(Description of the task)
Print the lines that run from the line with "奋斗的第一张照片--九江相亲服务中心" to the line with "1 Greenwich Plz, Greenwich, CT", keeping both end lines, exactly as they appear in the entries below, and nothing else.

Source data
+===+
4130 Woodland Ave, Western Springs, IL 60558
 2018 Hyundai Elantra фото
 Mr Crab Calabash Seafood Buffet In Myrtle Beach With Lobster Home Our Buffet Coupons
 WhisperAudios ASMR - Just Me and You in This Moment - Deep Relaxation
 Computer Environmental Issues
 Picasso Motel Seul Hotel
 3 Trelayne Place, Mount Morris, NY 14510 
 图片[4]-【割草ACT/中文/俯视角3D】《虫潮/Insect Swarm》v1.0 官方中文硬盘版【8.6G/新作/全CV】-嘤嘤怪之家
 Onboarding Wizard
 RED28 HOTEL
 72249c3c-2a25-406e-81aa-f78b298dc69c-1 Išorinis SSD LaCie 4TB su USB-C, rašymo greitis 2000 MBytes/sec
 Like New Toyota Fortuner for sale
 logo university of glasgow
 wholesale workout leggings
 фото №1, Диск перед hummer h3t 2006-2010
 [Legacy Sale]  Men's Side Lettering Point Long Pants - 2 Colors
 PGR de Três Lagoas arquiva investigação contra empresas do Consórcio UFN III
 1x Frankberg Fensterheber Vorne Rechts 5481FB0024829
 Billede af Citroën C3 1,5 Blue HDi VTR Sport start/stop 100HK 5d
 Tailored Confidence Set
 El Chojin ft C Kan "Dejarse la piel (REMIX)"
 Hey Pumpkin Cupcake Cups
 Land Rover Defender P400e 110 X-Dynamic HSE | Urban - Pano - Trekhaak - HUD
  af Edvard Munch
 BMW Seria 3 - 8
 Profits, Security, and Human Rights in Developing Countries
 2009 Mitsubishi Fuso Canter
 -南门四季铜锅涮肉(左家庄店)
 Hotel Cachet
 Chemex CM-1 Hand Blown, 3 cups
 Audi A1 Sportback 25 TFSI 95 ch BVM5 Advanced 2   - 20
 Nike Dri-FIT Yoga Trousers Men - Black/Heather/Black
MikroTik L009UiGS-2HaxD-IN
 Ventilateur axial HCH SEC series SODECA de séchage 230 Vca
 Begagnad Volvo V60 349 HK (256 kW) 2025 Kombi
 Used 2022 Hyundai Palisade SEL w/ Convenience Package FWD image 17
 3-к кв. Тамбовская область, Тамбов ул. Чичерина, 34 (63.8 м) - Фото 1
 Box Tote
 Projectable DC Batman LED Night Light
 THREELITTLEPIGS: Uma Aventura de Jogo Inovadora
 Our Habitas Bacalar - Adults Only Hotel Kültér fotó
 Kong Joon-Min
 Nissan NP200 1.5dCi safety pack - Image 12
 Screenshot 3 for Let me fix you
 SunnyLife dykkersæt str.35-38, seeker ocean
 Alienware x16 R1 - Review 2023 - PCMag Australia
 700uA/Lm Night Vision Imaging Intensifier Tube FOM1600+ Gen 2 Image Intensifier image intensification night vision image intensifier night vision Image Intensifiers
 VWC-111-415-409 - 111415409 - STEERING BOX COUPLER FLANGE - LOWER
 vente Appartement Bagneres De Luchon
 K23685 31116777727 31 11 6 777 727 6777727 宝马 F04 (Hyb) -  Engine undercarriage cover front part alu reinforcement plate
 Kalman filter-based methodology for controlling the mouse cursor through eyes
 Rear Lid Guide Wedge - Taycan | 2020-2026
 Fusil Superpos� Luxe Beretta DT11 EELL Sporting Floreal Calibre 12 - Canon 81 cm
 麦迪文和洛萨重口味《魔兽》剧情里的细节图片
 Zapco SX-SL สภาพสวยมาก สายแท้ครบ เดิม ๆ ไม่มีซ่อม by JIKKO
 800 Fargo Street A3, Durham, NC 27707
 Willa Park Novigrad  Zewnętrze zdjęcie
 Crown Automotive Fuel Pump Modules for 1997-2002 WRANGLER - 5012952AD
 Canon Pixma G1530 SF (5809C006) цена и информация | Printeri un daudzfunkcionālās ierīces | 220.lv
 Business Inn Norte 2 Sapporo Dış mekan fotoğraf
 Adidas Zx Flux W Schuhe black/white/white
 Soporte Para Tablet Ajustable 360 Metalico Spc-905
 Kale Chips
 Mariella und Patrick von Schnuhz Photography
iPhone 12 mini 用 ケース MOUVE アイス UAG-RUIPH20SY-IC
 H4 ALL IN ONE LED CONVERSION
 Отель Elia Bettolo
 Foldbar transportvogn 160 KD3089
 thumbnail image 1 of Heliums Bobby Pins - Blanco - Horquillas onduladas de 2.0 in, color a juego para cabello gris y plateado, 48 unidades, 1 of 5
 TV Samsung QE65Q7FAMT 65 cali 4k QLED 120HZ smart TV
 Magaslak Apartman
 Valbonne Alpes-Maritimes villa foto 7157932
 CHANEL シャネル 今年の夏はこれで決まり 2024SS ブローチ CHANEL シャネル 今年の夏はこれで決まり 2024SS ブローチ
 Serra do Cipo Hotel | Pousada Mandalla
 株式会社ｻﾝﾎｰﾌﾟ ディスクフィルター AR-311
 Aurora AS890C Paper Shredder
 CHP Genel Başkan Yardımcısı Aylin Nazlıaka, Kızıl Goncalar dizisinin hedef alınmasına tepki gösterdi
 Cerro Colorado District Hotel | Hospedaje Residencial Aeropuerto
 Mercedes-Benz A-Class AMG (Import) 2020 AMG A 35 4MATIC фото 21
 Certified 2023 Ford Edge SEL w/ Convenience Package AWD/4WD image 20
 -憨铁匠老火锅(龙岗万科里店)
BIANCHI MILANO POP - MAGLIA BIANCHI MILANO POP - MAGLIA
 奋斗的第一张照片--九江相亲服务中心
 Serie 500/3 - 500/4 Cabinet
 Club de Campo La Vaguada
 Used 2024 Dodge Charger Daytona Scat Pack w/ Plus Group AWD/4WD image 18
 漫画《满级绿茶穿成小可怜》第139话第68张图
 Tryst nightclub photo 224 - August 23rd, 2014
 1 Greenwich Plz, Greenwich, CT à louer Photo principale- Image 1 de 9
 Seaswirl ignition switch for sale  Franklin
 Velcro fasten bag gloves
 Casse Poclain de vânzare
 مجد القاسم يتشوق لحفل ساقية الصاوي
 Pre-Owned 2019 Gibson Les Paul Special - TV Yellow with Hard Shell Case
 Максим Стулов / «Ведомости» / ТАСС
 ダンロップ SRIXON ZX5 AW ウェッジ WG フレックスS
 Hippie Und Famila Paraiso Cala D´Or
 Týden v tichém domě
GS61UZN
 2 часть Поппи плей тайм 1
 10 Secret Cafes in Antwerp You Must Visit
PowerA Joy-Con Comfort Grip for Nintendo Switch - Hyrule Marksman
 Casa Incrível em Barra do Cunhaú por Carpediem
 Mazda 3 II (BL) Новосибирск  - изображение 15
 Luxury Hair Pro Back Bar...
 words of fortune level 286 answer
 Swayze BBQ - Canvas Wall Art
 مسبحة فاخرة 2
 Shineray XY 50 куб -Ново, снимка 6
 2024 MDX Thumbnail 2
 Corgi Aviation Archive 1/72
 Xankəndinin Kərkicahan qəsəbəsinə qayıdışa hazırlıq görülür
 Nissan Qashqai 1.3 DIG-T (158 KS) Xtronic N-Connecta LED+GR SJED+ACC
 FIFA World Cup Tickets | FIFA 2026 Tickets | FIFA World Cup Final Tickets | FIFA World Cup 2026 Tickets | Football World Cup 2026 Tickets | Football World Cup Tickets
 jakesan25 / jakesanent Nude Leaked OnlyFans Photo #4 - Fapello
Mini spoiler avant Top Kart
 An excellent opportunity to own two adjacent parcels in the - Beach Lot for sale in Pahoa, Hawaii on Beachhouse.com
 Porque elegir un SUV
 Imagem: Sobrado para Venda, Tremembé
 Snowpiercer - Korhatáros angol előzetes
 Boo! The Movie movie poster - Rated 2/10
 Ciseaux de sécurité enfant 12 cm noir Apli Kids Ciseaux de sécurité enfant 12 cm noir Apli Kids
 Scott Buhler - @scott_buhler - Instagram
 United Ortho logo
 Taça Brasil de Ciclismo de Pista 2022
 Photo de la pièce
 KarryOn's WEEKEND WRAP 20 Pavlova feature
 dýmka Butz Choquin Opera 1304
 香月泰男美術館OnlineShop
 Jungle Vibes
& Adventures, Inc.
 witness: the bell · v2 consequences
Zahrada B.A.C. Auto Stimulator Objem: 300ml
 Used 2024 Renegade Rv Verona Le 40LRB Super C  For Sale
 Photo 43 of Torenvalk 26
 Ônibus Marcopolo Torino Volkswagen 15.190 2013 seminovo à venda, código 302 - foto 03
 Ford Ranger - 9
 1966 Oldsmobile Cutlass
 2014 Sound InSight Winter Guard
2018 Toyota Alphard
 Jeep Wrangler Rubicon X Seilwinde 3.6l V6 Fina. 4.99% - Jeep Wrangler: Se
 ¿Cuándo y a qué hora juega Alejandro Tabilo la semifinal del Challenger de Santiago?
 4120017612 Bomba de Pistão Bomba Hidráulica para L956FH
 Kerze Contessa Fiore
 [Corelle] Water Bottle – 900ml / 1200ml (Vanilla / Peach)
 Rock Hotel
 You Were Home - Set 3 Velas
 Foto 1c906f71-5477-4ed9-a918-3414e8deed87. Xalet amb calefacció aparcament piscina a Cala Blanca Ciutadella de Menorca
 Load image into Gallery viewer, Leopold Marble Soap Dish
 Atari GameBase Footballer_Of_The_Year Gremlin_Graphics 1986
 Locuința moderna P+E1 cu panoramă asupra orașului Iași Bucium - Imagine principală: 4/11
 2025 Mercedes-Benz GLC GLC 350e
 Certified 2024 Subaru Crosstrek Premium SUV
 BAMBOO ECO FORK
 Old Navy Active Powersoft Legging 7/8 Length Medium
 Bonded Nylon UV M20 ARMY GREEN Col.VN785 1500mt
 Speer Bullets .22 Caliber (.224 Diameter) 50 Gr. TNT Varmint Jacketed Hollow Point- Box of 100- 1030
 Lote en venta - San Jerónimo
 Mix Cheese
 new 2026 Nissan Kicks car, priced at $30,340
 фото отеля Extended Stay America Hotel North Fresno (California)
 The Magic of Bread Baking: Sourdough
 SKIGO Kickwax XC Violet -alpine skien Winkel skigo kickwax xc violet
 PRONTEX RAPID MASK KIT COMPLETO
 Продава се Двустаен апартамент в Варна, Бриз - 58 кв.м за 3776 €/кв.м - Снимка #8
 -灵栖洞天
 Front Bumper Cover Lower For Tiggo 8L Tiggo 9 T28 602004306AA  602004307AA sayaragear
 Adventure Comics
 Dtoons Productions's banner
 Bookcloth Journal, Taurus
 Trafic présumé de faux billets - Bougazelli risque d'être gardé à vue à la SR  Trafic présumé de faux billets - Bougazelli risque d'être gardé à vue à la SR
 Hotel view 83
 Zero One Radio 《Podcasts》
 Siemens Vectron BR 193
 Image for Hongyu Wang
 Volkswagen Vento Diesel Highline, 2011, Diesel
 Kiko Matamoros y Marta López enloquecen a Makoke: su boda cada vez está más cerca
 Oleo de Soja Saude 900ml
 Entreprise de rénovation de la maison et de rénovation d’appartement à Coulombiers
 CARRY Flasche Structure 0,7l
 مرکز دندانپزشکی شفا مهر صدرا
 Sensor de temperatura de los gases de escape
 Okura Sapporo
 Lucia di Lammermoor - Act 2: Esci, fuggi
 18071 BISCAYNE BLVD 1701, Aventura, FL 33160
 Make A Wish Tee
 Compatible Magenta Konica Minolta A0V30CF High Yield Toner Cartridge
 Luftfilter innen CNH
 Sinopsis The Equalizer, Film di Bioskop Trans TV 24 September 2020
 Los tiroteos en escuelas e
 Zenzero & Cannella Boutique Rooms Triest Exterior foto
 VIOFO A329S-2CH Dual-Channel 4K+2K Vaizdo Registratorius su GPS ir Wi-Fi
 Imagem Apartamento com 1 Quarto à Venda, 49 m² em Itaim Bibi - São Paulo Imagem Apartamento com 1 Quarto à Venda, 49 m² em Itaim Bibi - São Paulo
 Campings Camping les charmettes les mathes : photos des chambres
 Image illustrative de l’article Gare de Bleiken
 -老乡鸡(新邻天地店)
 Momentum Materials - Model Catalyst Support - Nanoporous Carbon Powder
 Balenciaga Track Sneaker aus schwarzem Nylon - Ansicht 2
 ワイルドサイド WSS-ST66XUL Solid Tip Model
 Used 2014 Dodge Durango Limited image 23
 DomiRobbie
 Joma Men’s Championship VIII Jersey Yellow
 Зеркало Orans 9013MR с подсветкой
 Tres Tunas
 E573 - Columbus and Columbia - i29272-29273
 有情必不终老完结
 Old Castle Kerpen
+===+
(Task response)
 奋斗的第一张照片--九江相亲服务中心
 Serie 500/3 - 500/4 Cabinet
 Club de Campo La Vaguada
 Used 2024 Dodge Charger Daytona Scat Pack w/ Plus Group AWD/4WD image 18
 漫画《满级绿茶穿成小可怜》第139话第68张图
 Tryst nightclub photo 224 - August 23rd, 2014
 1 Greenwich Plz, Greenwich, CT à louer Photo principale- Image 1 de 9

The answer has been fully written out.